Profesión y
vocación
La profesión y la vocación tienen una noción arqueológicamente
religiosa. La vocación es un inclinarse hacia, un sentido. Se sale al encuentro
de un destino, de lo que llamamos destino.
La profesión, emparentada al profesar, es el ejercicio (en el sentido de aceptación) de un arte, de un oficio. El profesional es quien, desde la obediencia de las leyes antiquísimas del saber en que se ejercita, cumple con su misión.
El problema de lo religioso (de la esfera de la religión, aún como dirección del mundo) es que anula la libertad. Ni la vocación ni la profesión se inventan; acaso de descubren, cuando no, se revelan. El hombre está (es) sujeto a la voluntad superior.
El hombre es sujeto de la acción superior; anulada
su voluntad no le resta sino actuar en el sentido que se le ha indicado.
Nada –ni nadie- puede escapar.
Ser uno, es descubrir lo que desde el inicio (desde el principio del tiempo, dirán los más radicales) tenía predestinado. No hacerlo es traicionarse. Incumplir con el destino es falsearse. Ser uno, es obedecer, aceptar, encontrarse como en el origen.
En la religión del yo las cosas no son tan
distintas. Se piensa, al menos se intenta pensar, que la persona es
unidireccional, monovalente. Si la vocación se elige (de acuerdo a las
capacidades, aptitudes y aspiraciones) la profesión debe cumplirse.
El error es evidente: la persona no es un sistema
lógico, amoral.

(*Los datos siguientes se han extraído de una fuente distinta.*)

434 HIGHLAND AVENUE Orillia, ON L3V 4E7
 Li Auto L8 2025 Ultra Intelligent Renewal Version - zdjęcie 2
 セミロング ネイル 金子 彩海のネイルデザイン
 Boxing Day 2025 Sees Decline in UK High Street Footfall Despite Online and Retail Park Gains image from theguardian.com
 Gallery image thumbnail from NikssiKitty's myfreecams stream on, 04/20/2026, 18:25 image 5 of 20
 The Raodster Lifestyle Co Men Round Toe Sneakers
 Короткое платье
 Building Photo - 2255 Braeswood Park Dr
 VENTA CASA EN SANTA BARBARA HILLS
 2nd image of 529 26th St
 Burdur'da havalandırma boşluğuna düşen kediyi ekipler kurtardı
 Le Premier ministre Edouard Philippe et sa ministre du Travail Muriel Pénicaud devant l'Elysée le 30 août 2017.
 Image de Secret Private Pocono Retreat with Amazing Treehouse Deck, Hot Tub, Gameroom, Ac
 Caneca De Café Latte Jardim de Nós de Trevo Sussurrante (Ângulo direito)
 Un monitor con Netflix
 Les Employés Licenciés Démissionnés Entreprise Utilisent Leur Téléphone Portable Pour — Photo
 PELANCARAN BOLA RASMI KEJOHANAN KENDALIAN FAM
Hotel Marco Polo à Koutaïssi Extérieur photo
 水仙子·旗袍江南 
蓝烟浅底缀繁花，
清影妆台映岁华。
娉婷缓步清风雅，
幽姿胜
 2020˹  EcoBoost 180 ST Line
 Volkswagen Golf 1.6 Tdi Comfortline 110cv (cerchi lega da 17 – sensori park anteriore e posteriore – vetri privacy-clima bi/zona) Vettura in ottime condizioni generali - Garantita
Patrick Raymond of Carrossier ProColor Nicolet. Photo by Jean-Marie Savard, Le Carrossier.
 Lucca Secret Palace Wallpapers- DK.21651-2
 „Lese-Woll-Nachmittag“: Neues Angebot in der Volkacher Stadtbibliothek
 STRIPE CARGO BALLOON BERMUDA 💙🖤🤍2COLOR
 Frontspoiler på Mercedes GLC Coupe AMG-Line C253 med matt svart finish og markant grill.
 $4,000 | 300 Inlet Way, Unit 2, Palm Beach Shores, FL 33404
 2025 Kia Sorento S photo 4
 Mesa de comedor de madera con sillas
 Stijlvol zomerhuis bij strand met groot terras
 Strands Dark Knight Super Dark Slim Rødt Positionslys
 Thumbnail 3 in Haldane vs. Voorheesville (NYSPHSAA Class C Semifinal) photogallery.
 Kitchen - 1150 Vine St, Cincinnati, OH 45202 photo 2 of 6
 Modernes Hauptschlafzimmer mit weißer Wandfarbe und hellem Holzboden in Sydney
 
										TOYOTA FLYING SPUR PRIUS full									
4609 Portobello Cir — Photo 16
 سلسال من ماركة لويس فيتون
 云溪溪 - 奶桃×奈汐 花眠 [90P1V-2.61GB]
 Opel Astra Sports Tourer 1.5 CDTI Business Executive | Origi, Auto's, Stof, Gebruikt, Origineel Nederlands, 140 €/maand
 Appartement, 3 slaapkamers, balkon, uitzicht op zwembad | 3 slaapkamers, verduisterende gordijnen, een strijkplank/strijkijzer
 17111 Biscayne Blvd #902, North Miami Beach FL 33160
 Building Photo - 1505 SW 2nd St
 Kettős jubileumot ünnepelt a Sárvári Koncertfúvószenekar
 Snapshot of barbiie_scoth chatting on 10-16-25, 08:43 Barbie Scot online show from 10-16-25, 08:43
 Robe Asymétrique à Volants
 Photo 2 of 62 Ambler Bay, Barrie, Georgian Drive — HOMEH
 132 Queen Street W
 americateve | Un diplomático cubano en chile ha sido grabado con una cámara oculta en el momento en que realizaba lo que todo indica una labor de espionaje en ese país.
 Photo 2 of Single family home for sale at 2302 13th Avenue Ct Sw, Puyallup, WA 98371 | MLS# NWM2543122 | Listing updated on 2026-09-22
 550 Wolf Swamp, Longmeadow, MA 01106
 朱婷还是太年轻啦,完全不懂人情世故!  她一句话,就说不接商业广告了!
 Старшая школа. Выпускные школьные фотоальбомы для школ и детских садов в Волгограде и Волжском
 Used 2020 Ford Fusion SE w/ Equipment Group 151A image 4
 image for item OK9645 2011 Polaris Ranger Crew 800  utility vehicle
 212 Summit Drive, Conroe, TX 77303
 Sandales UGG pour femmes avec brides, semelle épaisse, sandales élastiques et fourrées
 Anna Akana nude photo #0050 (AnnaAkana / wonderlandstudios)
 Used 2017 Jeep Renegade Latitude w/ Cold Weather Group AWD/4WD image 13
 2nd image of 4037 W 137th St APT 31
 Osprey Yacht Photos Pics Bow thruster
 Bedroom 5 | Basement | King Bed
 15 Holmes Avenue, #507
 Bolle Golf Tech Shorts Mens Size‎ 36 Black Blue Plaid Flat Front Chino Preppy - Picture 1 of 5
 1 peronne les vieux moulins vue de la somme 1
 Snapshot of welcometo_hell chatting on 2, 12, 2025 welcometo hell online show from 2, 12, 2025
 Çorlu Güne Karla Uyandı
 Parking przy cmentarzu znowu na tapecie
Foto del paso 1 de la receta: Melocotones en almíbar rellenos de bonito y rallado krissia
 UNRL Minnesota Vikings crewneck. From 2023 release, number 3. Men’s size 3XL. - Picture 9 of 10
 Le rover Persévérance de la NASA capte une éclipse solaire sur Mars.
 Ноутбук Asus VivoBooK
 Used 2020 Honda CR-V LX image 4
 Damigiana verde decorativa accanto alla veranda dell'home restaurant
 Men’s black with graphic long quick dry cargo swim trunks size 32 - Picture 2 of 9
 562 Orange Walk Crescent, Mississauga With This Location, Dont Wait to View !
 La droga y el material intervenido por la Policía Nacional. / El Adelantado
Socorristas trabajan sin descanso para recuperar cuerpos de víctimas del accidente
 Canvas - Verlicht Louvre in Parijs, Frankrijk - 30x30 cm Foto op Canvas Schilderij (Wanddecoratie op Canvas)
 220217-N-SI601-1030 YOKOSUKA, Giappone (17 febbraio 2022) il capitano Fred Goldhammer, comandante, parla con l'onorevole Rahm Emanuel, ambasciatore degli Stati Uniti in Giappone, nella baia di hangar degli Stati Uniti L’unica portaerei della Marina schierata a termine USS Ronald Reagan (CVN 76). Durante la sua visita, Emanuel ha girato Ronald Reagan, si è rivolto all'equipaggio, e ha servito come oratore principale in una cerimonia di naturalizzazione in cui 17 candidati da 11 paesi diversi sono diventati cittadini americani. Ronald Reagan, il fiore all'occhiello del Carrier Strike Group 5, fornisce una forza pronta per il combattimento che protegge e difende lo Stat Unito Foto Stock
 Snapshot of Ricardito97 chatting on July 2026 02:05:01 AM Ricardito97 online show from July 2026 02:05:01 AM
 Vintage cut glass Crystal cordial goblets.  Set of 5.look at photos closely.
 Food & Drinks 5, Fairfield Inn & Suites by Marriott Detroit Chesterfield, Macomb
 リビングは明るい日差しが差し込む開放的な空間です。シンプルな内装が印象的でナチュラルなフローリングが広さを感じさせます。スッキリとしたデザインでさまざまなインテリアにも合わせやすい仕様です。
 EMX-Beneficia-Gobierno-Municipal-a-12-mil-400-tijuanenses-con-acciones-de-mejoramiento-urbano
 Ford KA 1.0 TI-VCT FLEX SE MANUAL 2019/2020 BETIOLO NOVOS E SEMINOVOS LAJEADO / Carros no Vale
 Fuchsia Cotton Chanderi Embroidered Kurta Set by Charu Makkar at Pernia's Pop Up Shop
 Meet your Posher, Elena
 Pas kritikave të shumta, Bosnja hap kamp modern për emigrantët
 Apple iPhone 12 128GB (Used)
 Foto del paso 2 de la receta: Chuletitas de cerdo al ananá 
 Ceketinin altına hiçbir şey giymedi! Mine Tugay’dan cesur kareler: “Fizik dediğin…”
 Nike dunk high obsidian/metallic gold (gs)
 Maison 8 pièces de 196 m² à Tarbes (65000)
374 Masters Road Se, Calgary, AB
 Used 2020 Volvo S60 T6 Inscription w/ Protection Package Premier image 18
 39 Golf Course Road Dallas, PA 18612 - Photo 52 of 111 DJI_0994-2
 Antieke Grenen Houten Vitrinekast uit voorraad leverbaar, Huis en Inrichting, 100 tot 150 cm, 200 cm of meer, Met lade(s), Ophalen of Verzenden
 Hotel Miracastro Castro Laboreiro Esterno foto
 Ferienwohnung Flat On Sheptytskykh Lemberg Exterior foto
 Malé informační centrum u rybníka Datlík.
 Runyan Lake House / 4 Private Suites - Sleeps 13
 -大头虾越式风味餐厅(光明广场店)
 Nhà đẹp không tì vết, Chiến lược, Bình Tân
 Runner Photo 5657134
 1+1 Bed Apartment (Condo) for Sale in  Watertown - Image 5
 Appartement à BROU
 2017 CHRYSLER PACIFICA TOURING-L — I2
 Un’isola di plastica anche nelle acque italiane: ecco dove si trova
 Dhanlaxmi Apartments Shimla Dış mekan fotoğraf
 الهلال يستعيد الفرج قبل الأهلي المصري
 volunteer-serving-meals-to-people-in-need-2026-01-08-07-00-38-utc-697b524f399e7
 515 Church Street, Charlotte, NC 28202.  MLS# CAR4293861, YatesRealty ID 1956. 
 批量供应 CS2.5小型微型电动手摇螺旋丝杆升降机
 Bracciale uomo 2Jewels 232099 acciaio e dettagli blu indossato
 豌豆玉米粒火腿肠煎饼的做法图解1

No hay actuar exento de pasiones y subjetividad (¿su-jetividad?).
El protagonista de “El marino que perdió la
gracia del mar[i]”
–No Noboru, el marino- es verdaderamente humano cuando decide romper con la
profesión que un día eligió para sí, destruyendo la imagen que los otros se habían
construido en torno a él.
Al final, con la idea de la muerte ritual, parece
quedar latente que lo que realmente termina con la libertad es el fin de la vida.